One Number Shows Why Donald Trump Is Making a Very Risky Gamble in Wisconsin
Mere hours after Scott Walker endorsed Texas Sen. Ted Cruz for president, Republican presidential frontrunner Donald Trump ripped into the Wisconsin governor Tuesday, homing in on a target typically attacked by liberal Democrats.
"He's not doing a great job," Trump said in Janesville, Wisconsin, ticking off the state's unemployment figures, budget deficit and food stamp recipients — reprising some of the same criticism he leveled during Walker's short-lived presidential bid last year.
With Wisconsin's budget woes forcing deep cuts in education programs and the state reeling from a divisive debate over Walker's decision to sign legislation last year further gutting labor union power, Trump's target is a seemingly soft one.
In a Marquette University poll conducted in February, the governor's approval rating stood at just 39%, with 55% disapproving of his job performance.
But another figure underscores the risky gamble Trump is making in inveighing so heavily against Walker: 85%.
That's the percentage of Republicans who approved of Walker's job performance in the Marquette poll, and Walker's overwhelmingly popularity with GOP voters could prove a major hurdle for Trump — and a boon to Cruz — ahead of Wisconsin's April 5 primary.
Of course, Trump's withering attacks on his GOP opponents have eviscerated everyone from low-polling rivals like Rick Perry and Lindsey Graham to erstwhile juggernauts Jeb Bush and Marco Rubio. It's not inconceivable that, in targeting Walker, Trump may force the governor's numbers downward among Republican voters — and hitting Walker on unemployment, budget deficits and food stamps may well undercut his appeal among fiscal conservatives.
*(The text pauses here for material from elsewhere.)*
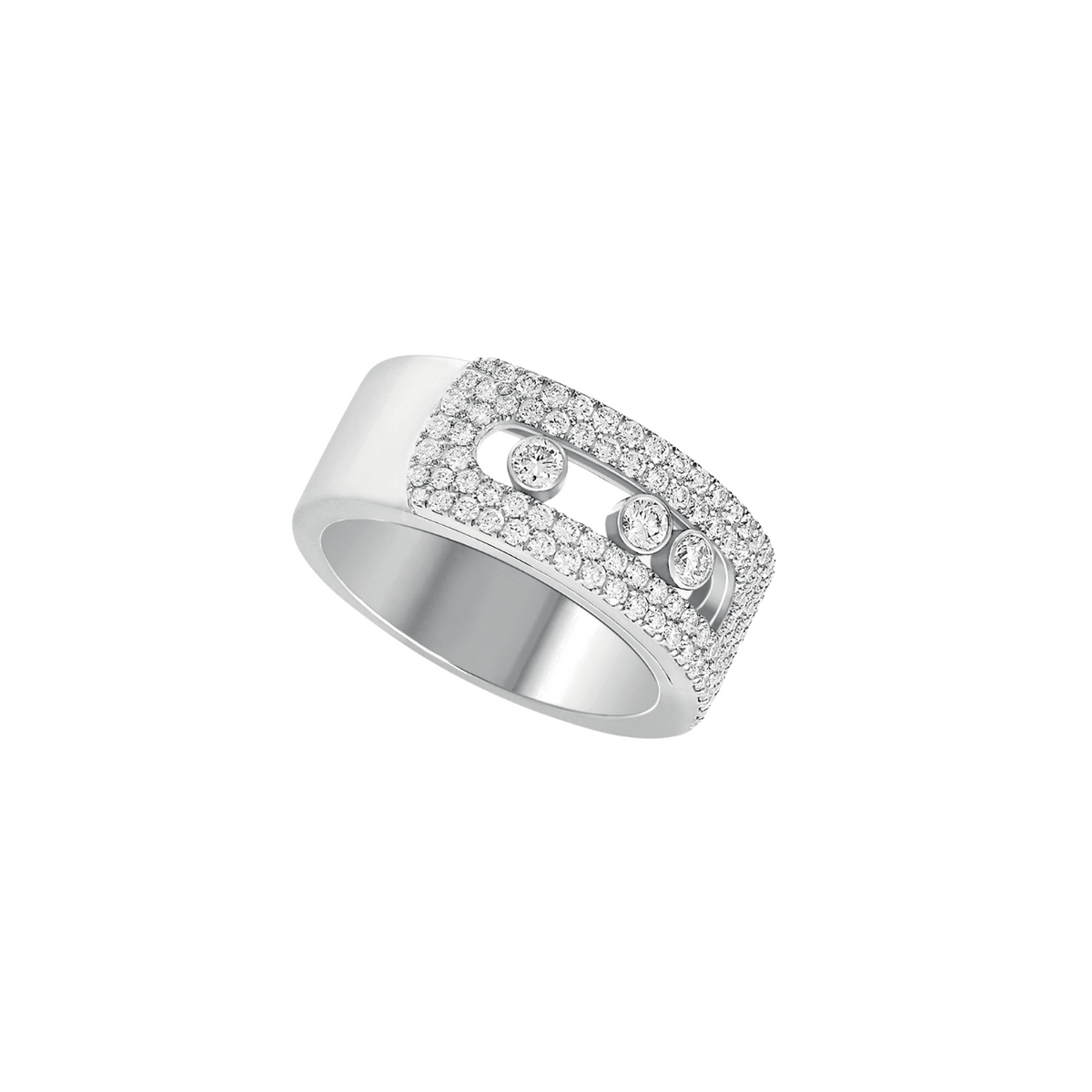 Messika Jewelry - Move Noa 18K White Gold Large Model Diamond Pavé Ring | Manfredi Jewels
But Trump isn't jabbing at Walker exclusively from the right. In an interview with Illinois radio's The Michael Koolidge Show on Tuesday, Trump slammed the governor for pursuing budget cuts instead of tax increases, arguing that revenue hikes could have forestalled slashes to education and infrastructure programs.
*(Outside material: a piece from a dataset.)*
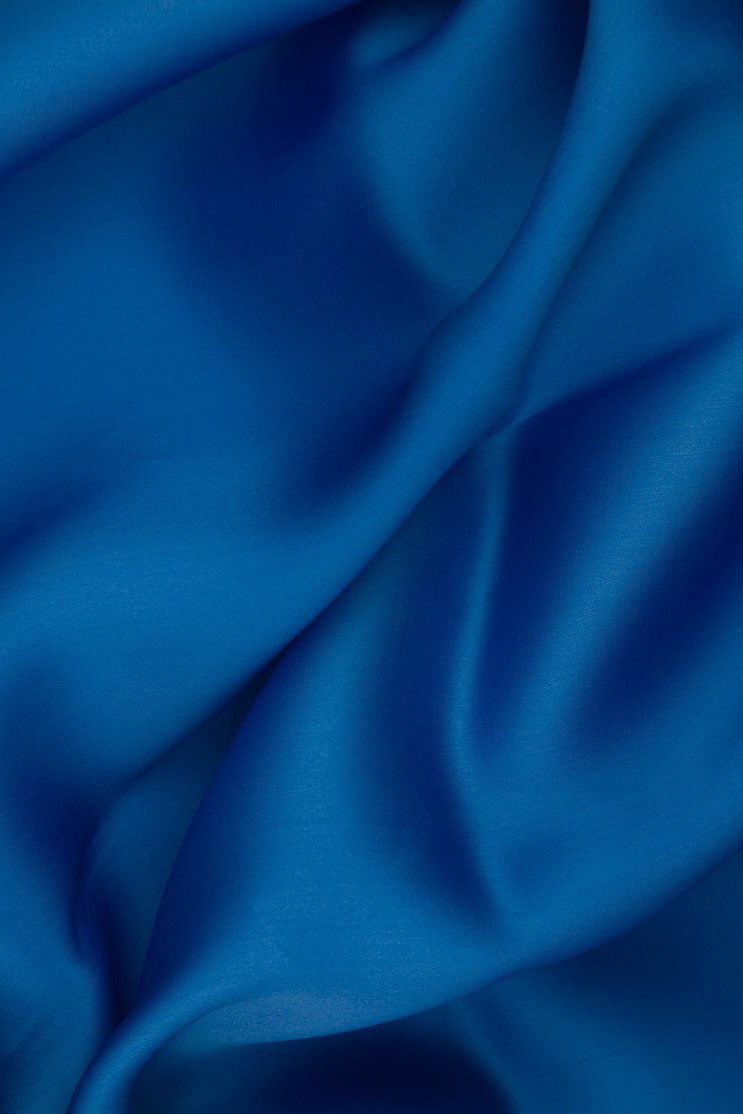 Ultramarine Silk Satin Face Organza Fabric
"There's a $2.2 billion deficit and the schools were going begging and everything was going begging because he didn't want to raise taxes because he was going to run for president," Trump said in remarks quoted by the Guardian. "So instead of raising taxes, he cut back on schools, he cut back on highways, he cut back on a lot of things."
Deviating from conservative orthodoxy, however, hasn't prevented Trump from building a massive delegate lead over his GOP rivals, and it remains unclear whether Wisconsin Republicans are hungrier for a candidate who fashions himself a model of conservative purity, à la Cruz, or one whose pugnacious attitude channels their anti-establishment rage.
At any rate, Trump has little margin for error. Polls show the race in Wisconsin is a pure toss-up, with the RealClearPolitics average finding Cruz at 33%, Trump at 32% and Gov. John Kasich of Ohio at 23%.